Interweaving glaciology with artistic practice, we translate, subvert, and repurpose tools from many disciplines to explore geophysical data and glaciological archives. On Thwaites Glacier - one of West Antarctica’s vulnerable outlet glaciers - scientists record radar, seismic, magnetotelluric, and gravity data about the ice and bed. In New England, on the bed of the Laurentide Ice Sheet, we look up through the spectre of ice that last covered the landscape 10-18,000 years ago. We are interested in how ice - past ice, current melt, and future glacial disappearances - reoccurs as a persistent hauntology across 21st century landscapes, scientific data, and day-to-day life.
 
Working across print, sound, textile, movement, and math, our work confronts male-dominated, colonial histories of Antarctic research by centering expansive, embodied, collaborative practices that create alternative relationships to, histories of, and ways of doing research about glacial change.
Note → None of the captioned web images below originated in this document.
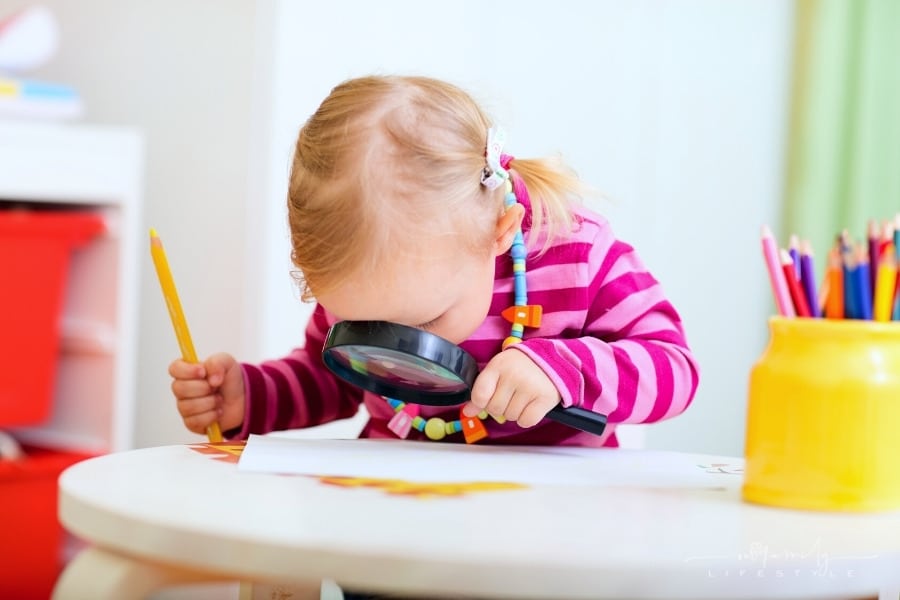 toddler girl looking through magnifying glass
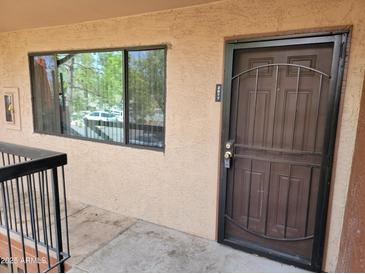 Exterior shot of unit entry featuring a steel security door and window at 3810 N Maryvale Pkwy # 2077, Phoenix, AZ 85031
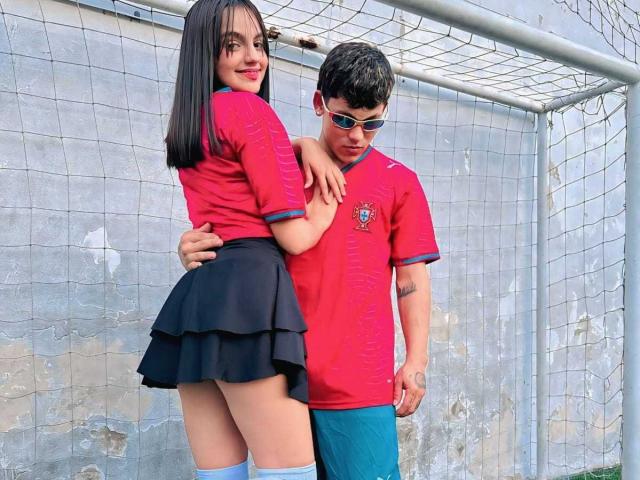 EndlessTwo with black hair and red soccer jersey, black skirt, and knee socks, stands with her ass to the camera, arms around a guy in a red soccer jersey.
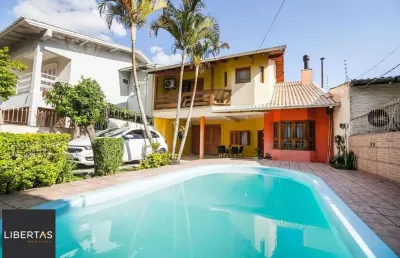 Casa de 4 dormitórios à venda no bairro rubem berta, porto alegre.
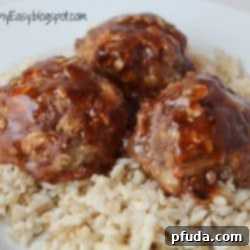 Tangy Glazed Meatballs 2 Delicious Oven-Baked Sweet & Sour Meatballs served over rice, garnished with fresh herbs.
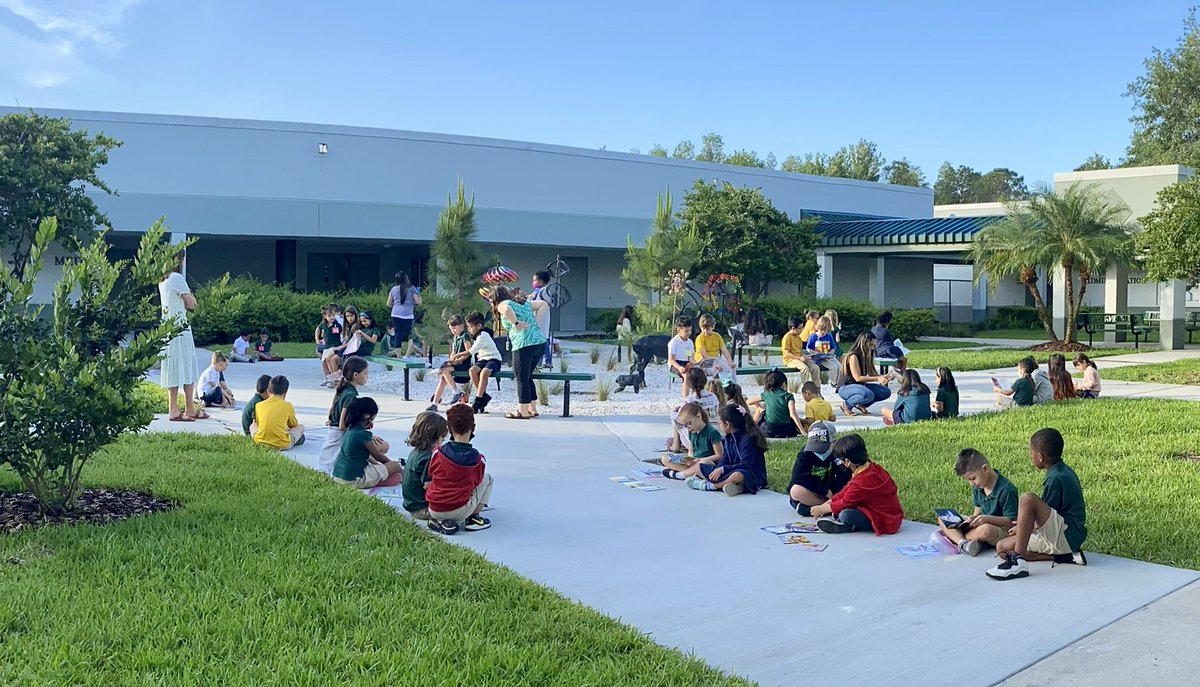 Students in 1st and Kindergarten Dual classes practice their bilingual reading skills buddy reading with each other.  <a href="/HillsboroughSch/">Hillsborough Schools</a> <a href="/DuallangHcps/">Dual Language HCPS</a>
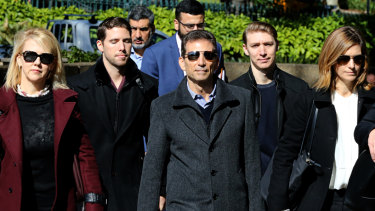 Serge Benhayon, centre, outside the Supreme Court during his defamation case against Esther Rockett.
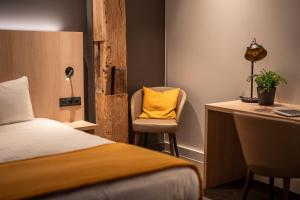 a bedroom with a bed and a desk with a yellow pillow at Hôtel & Restaurant Five Nations in Durbuy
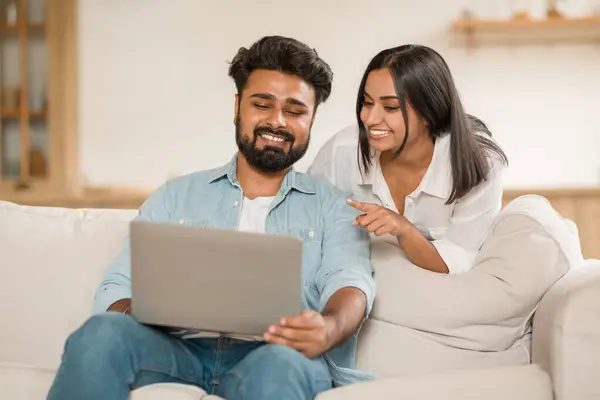 Young couple in casual attire seated on sofa in living room, sharing a moment while browsing on laptop, expressions suggest collaborative interaction and shared interest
This work includes recordings of dripping meltwater overlayed with sonified seismic data, large-scale, sewn cyanotype fabric collages, zines of body outlines for recording deep field experiences, and other multimedia work.

We are funded by NSF OPP #1738934.


Contact


If you want to get in touch about our work, collaborations, synergies, future projects, ideas, similar projects, funding, or anything else please email us at glacialhauntologies[@]gmail.com.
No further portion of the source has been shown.